My friend, i made it with Euler's formula and the answer it's right, but i think the demonstration whene you multiply all the factors is incomplete, it really is a long multiplication.
I agree with the last comment: the final product is a bit more complicated. There are many other pesky terms.
If you set a_n = z^n + 1/z^n it is easy to check that there are only 6 different values of a_n. In increasing order of n: 1, -1, -2, -1, 1, 2. the remainder of the division of 2024 by 6 is 2 so a_2024=a_2=-1.
A complex approach works very well too and is pretty fast. But I do like your approach and the fact that, even though z must be a complex number (the sum of a real number and its reciprocal has a minimum of 2), you don't need to use complex number to find the answer.
Great question! As always, I learned a lot watching your videos.
I think there is something missing from that proof. Why do you assume you can factorize z^2024 + 1/z^2024 as ( z^1024 + 1/z^1024)( z^512 + 1/z^512)( z^256 + 1/z^256)(....)?
Using this logic, you could argue that z^n+1/z^n is always -1 or 1 for all natural numbers n, as you can generate any natural number using the sum of powers of 2. But this is not the case. For example z^3 +1/z^3 = -2 (see below for proof of that). Am I missing something?
Proof for z^3+1/z^3 = -2:
(z+1/z)^3 = z^3 + 3z + 3/z + 1/z^3
1^3 = z^3 + 1/z^3 + 3(z + 1/z)
1 = z^3 + 1/z^3 + 3(1)
-2 = z^3 + 1/z^3
The squaring computation part.
z³=-1 and 1/z³=-1 sum=-2
please elaborate on step 2024 = 1024+512+256+128......., I couldn't get it.

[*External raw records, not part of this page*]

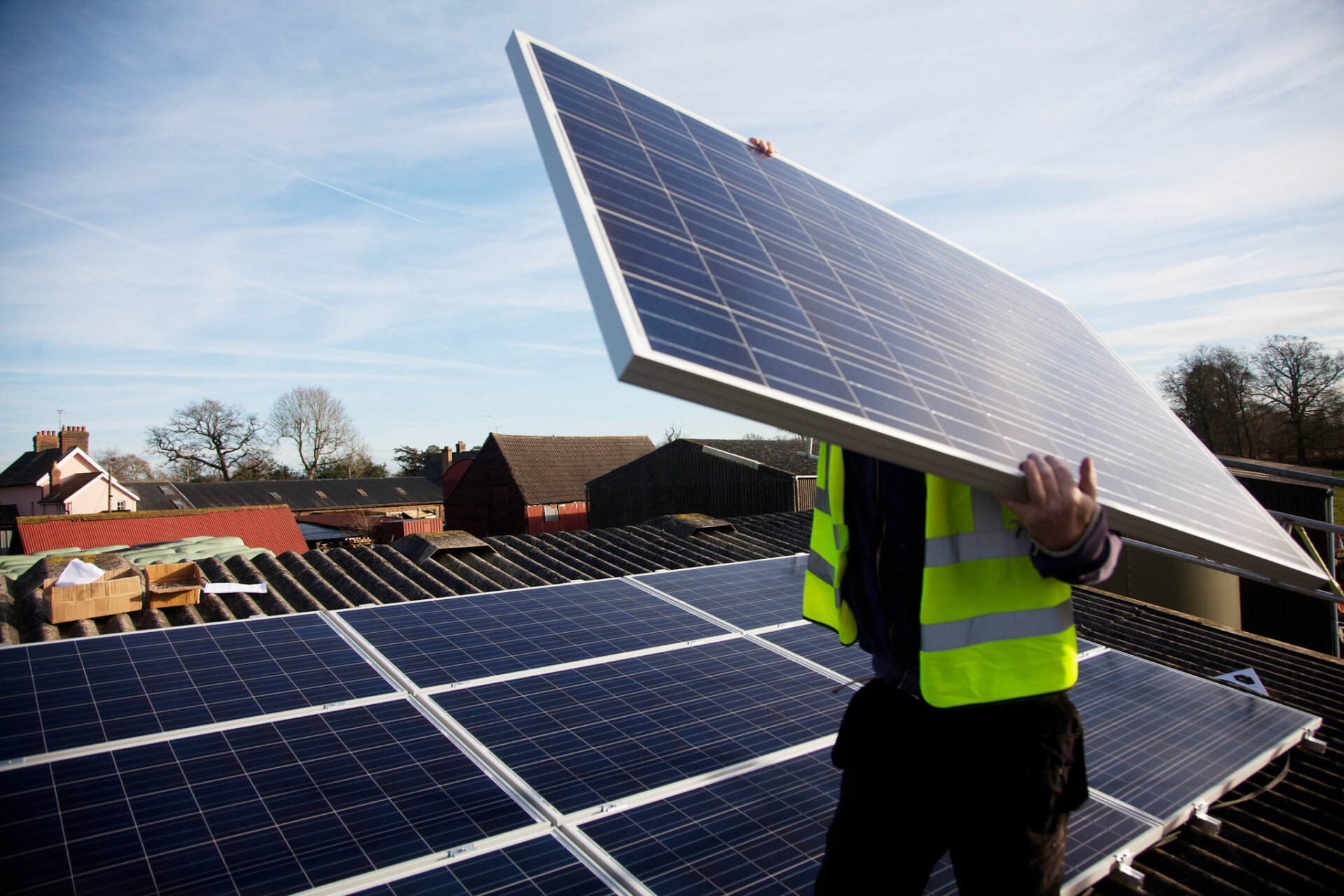 A builder holds a large solar panel in front of his face. Installing solar panels, a key part of energy security, on the roof of a home in Balcombe, UK.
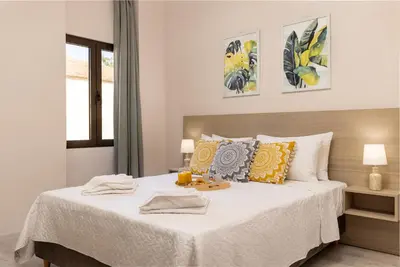 a bedroom with a large bed with yellow and gray pillows at Strat's City Loft in Chania Town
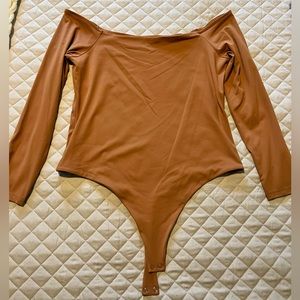 Nuuds XL off the shoulder bodysuit in the color Clay
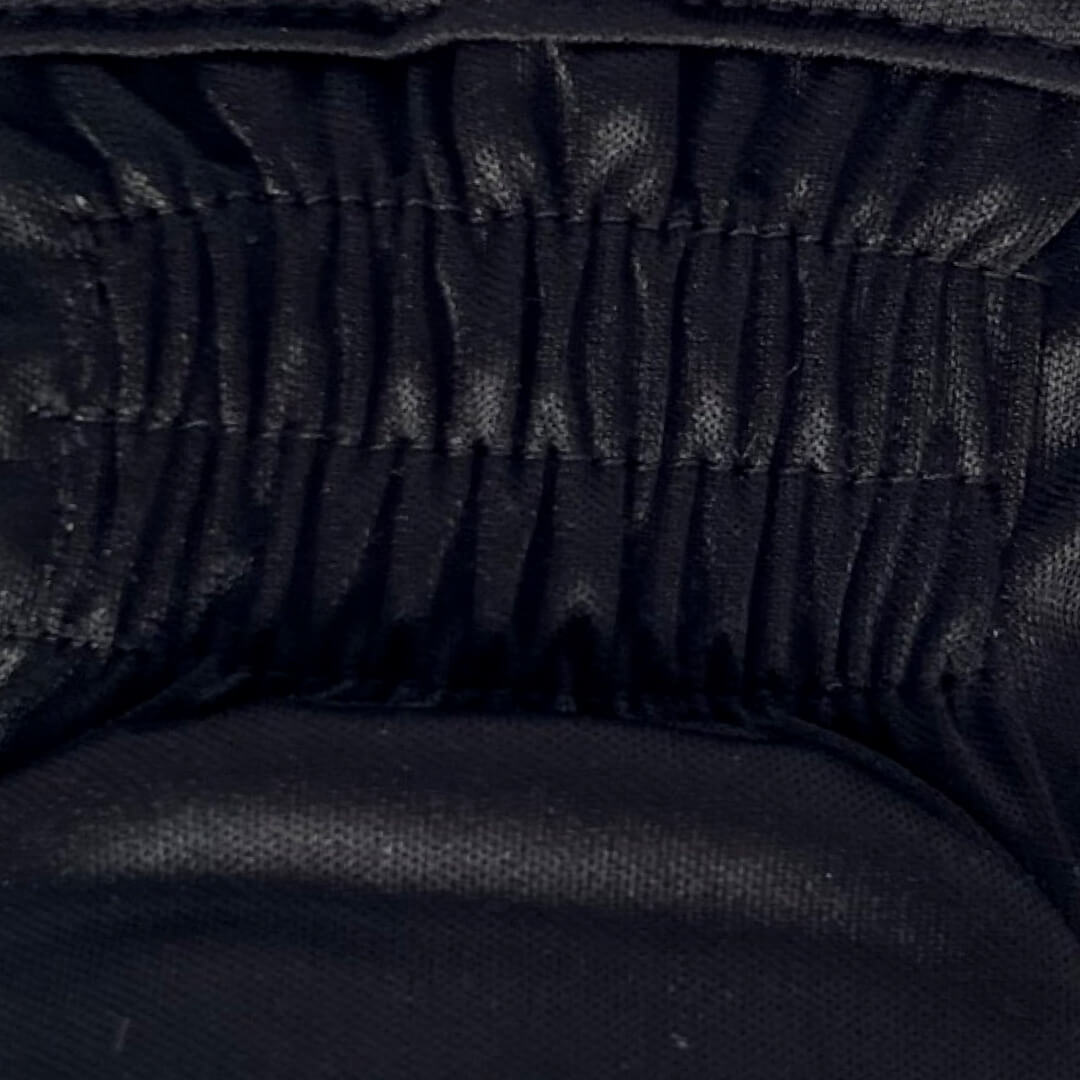 Close up of the gusset located on the waist of the diaper.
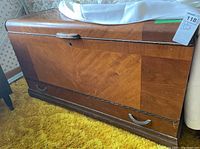 Front angled view of wooden cedar chest showing parquet pattern and drawer with metal handles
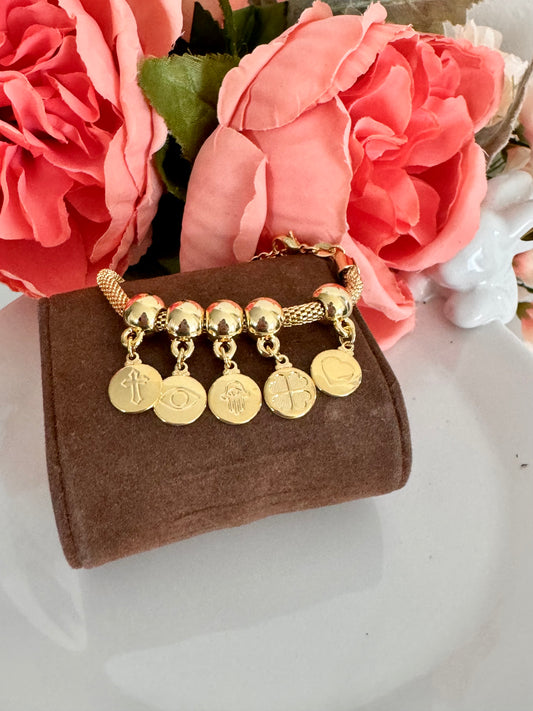 Pulsera con dijes de corazón, cruz, ojo turco y mano de Fátima – Bañada en oro de 18K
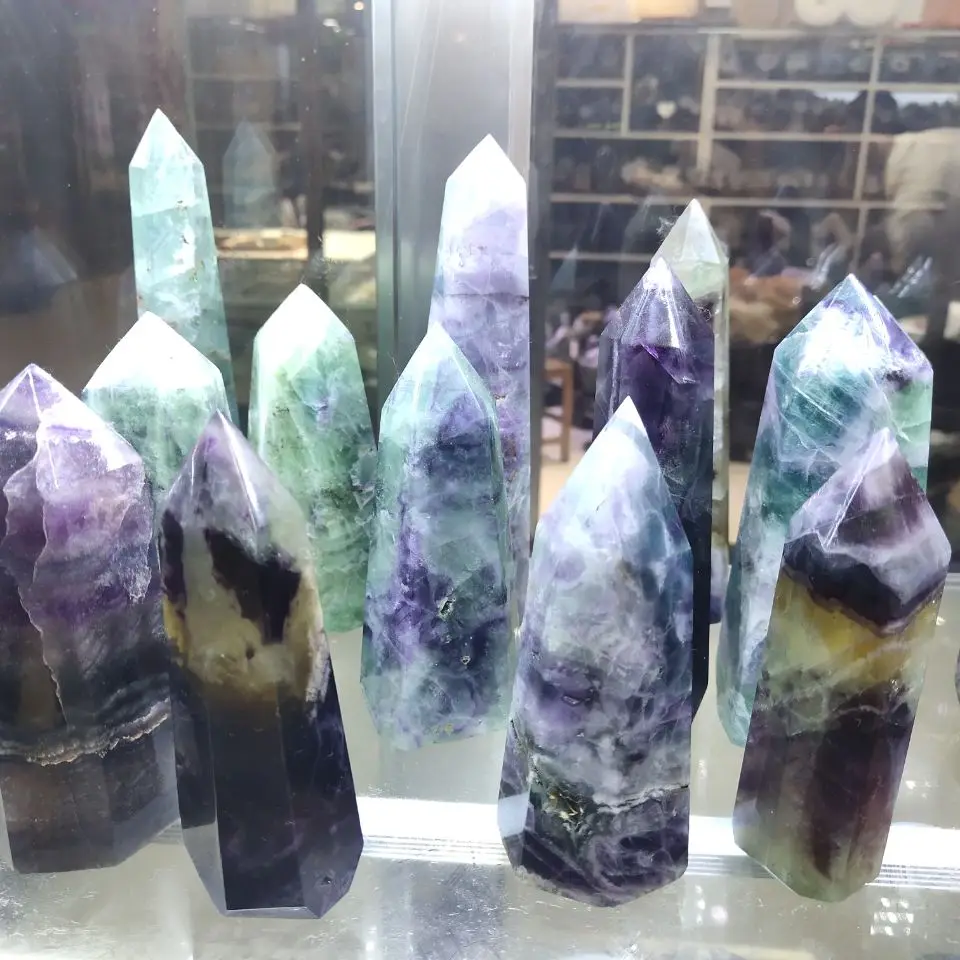 

Natural polychromatic and colorful fluorite ore quartz crystal rod point column mace column healing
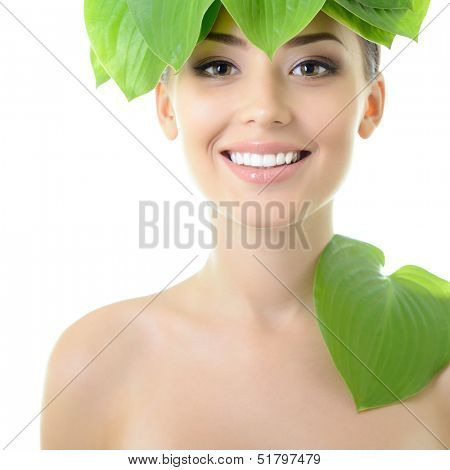 beautiful yoiung cheerful woman with green leaves near her face, over white background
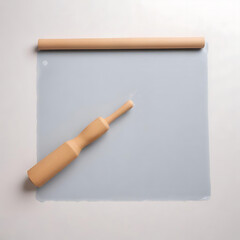 A silicone baking mat with a rolling pin, placed on a clean white surface.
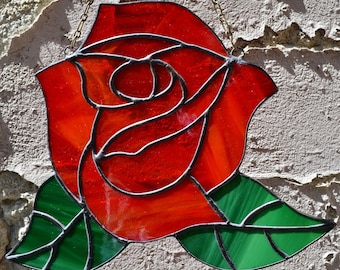 May include: A stained glass window hanging with a red rose design. The rose has a dark outline and is surrounded by two green leaves.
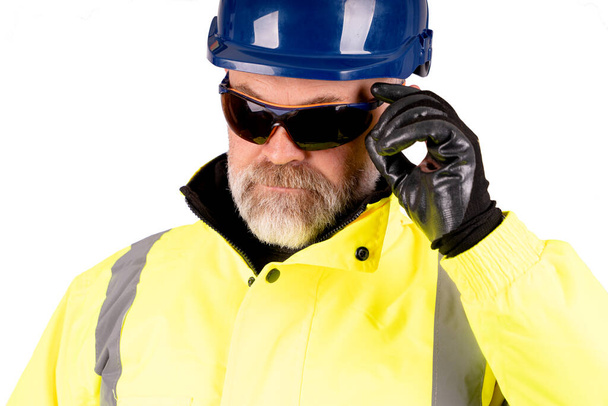 Een bouwvakker met een blauwe hoed en een gele hi-viz jas op een witte achtergrond met een donker getinte veiligheidsbril - Foto, afbeelding
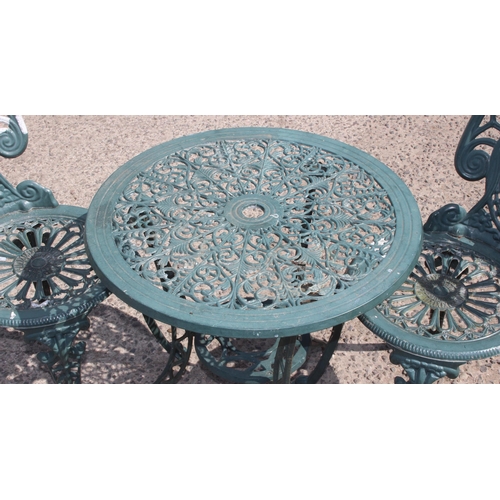 341 - A Victorian style aluminium garden table and 2 chairs, the table approx 60cm in diameter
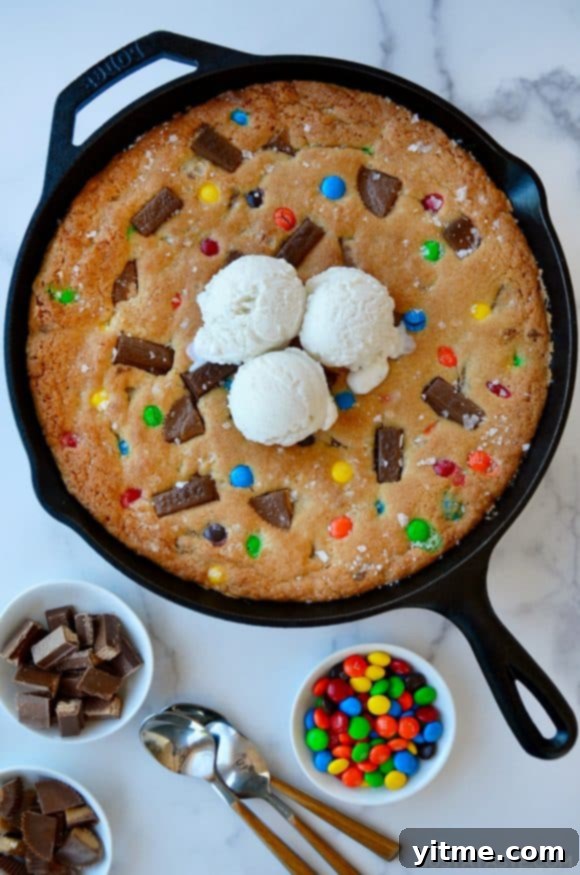 Leftover Halloween Candy Skillet Cookie topped with vanilla ice cream next to small bowls containing chocolate candy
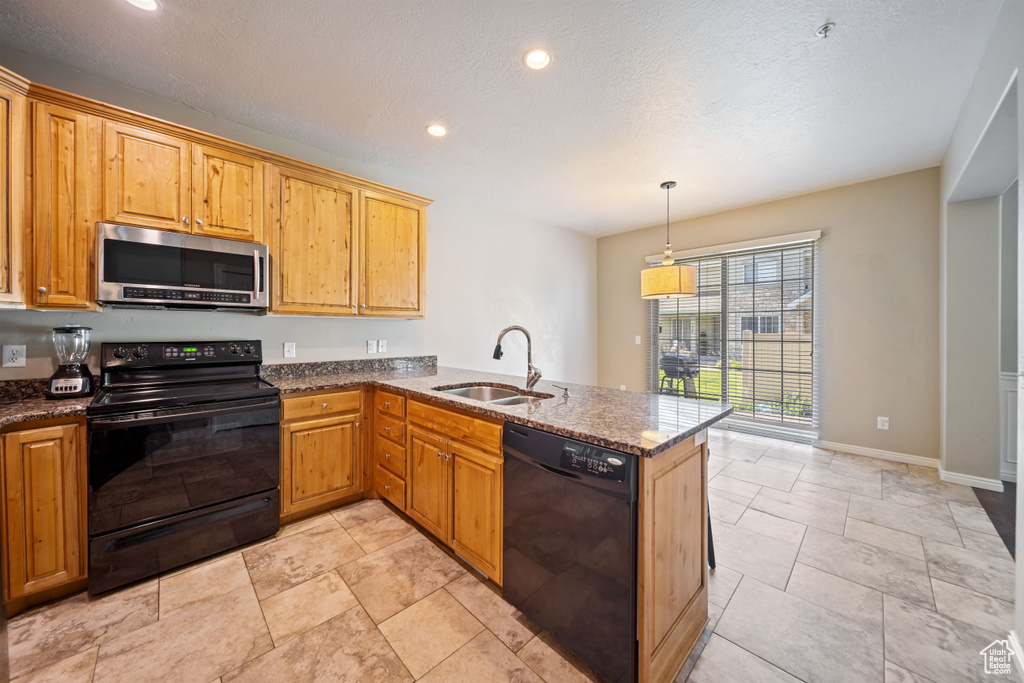 Kitchen featuring black appliances, dark stone counters, a peninsula, recessed lighting, and decorative light fixtures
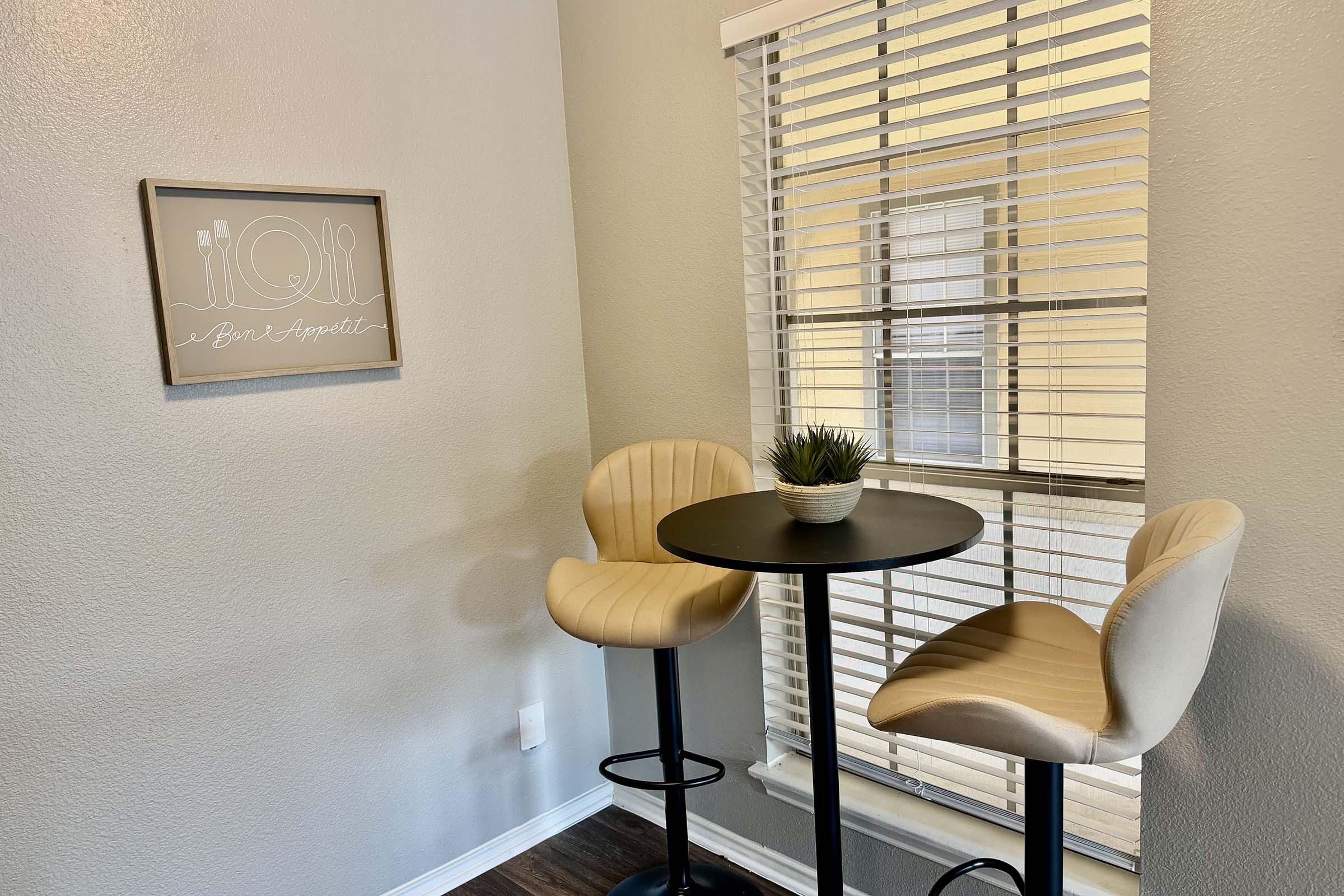 A cozy dining nook featuring a small black round table with two light beige bar stools. A potted plant sits on the table, and the wall has a framed decorative piece with a minimalist design of utensils. Natural light streams in through a window with blinds.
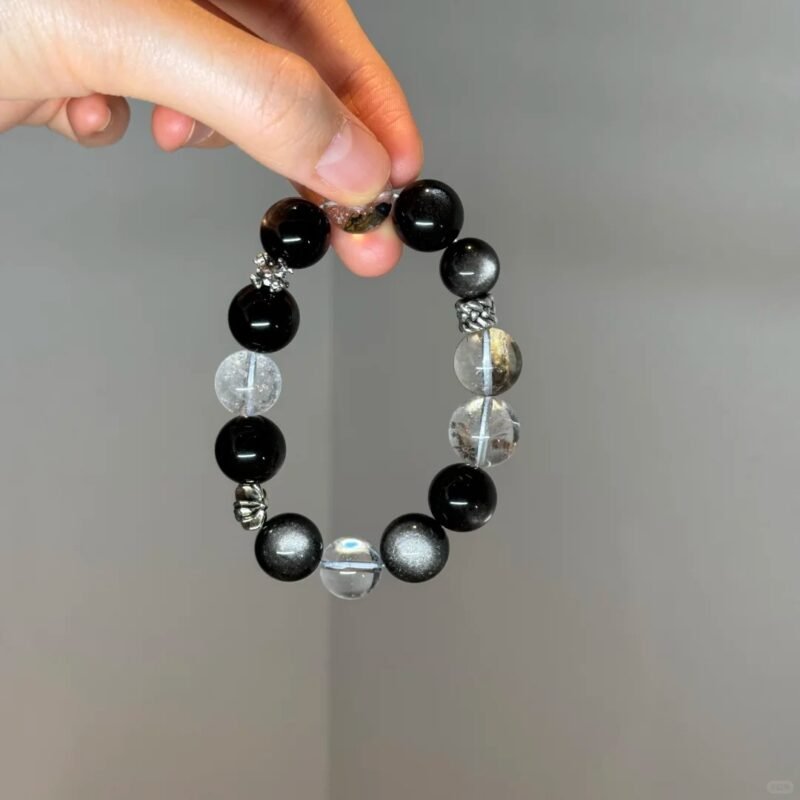 Holding Silver Obsidian Bracelet, Silver Demon-Slaying Pestle & Chrome Hearts Protective Energy Awakening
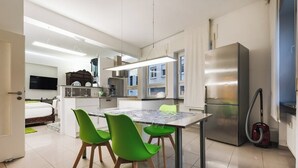 A modern kitchen with a dining table, chairs, and a refrigerator.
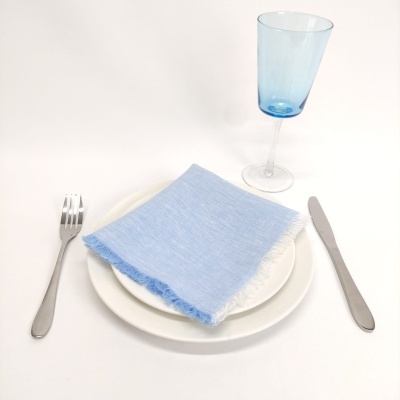Mesa posta com prato branco, guardanapo azul claro, copo azul, garfo e faca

(z+1/z)³=z³+3z+3/z+(1/z)³, correct me if I'm wrong, but you've appeared to have mistaken (1/z)³ for 1/z³ in the last step
@@miscellaneous3280(1/z)^3 is the same as 1/z^3
At 6:48, I remember the life before the created powers😂.
All the love for you Mr and keep going.
I didn't know it's that easy... I would had probaby made a quadratic and solved it for waay to much time ... Thanks!
I was going to do the same thing.
I was about to follow the same approach.
I think its beautiful when the comments are filled with suggestions on the other methods. Thank you so much!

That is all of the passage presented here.